By the time Dutchyshen landed in the main chair, the role of late-night sports anchor was so central that the U.S. broadcast network ABC had given the green light to the hotshot movie writer Aaron Sorkin (A Few Good Men, The American President) to create Sports Night, a single-camera prime-time comedy set in a TV sports newsroom. A couple of weeks after that show debuted in the fall of 1998, CTV Sportsnet hit the air. By the following spring, Canadian viewers could tune in to at least five nightly highlight programs: Sports Desk, CTV Sportsnet’s SportsCentral, CNN’s Sports Tonight, The Score’s Headline Central, and Global’s Sportsline.
As with most TV programs, the highlight shows lived and died on whether audiences wanted to invite the main characters – which is to say the hosts – into their living rooms every night.
Last Thursday afternoon, I talked to Rick Brace, who, back in 1995, as the vice-president and general manager of TSN, was the one who hired Dutchyshen after seeing tapes of his work on ITV Edmonton’s Sports Night. The ideal host, he told me, was “someone that the audience saw as a friend, someone they could talk to, someone that wasn’t talking down to them.” Dutchyshen “wasn’t afraid to state his opinion. He would tell it like it was. And so he had great credibility with his audience.”

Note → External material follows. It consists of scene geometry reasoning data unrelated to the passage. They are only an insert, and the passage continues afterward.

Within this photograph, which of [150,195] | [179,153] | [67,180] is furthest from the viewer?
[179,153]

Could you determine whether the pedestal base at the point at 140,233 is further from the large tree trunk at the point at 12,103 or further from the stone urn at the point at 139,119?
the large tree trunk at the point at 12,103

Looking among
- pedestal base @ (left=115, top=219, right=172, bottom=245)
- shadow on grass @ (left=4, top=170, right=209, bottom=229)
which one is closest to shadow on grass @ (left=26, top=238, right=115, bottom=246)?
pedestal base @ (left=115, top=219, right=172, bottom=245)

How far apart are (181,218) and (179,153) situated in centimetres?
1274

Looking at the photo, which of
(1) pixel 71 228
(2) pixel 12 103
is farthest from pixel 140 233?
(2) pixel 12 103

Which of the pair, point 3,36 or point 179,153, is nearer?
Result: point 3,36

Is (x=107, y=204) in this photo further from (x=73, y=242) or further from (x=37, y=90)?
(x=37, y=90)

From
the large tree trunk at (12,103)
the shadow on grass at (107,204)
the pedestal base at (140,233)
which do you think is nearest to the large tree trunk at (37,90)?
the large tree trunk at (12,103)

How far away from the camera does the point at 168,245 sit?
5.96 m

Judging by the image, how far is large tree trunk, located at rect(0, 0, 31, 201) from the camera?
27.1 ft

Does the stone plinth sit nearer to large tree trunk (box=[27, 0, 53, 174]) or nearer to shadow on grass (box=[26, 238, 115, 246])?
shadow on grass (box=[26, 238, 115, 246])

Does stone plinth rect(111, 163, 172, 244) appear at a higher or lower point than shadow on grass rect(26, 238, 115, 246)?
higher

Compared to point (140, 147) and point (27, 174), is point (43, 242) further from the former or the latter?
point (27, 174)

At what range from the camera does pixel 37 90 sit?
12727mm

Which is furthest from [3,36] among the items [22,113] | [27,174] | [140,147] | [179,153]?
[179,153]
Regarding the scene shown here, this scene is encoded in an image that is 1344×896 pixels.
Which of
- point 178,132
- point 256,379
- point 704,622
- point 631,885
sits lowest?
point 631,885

Nobody’s making fictional shows about sports anchors any more. Indeed, after the news of his death broke and archival clips of Dutchyshen began rolling across social media – he and his colleagues all looked so young and energetic, so big-haired and big-suited – it seemed inconceivable that anyone starting out in the business now might have his kind of career. Even among his own generation, Dutchyshen’s run was unequalled. Like Johnny Carson’s own three-decade tenure, which ended as the late-night talk-show universe was beginning to fracture, Dutchyshen’s quiet, steely possession of the co-host’s chair will be the exception.

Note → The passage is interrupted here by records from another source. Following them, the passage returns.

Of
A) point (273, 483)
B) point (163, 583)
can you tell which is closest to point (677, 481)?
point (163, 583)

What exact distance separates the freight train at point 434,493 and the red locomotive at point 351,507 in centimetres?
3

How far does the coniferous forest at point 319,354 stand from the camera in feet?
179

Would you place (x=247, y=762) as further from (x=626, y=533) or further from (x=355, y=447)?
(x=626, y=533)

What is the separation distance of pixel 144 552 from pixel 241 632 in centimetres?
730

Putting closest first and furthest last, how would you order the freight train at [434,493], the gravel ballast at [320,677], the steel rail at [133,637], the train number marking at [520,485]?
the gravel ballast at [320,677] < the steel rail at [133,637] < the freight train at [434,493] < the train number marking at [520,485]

Sports is at once more dominant than it has ever been – live sports is the only programming genre that can reliably bring together mass audiences – and at the same time a shadow of its former self, because sports programming that isn’t aired live has suffered the same fickle fate as many of the other genres.
There’s no more Sportsline, Sports Tonight, or Headline Central. (For that matter, Rogers bought The Score and rebranded it as another Sportsnet channel, so there’s no The Score, either.)
The highlight shows, which were as much the result of economic imperatives as cultural ones – they could be very cheap to produce, because broadcasters didn’t have to pay for rights to the footage – have now been supplanted by highlight posts on all of your favourite social-media platforms, lifted from the live broadcasts by hard-working crews employed by the teams and leagues, and distributed instantaneously. Nobody’s got the patience any more to wait until 10 p.m. or 11 p.m. The hope is that the clips drive users to tune in to the live broadcasts – or at least, to put it in industry parlance, engage with the content in other ways. So sure, those users will probably keep scrolling – or placing bets, or chatting online with their friends – even as they watch the game. Until the algorithm serves up something more engaging.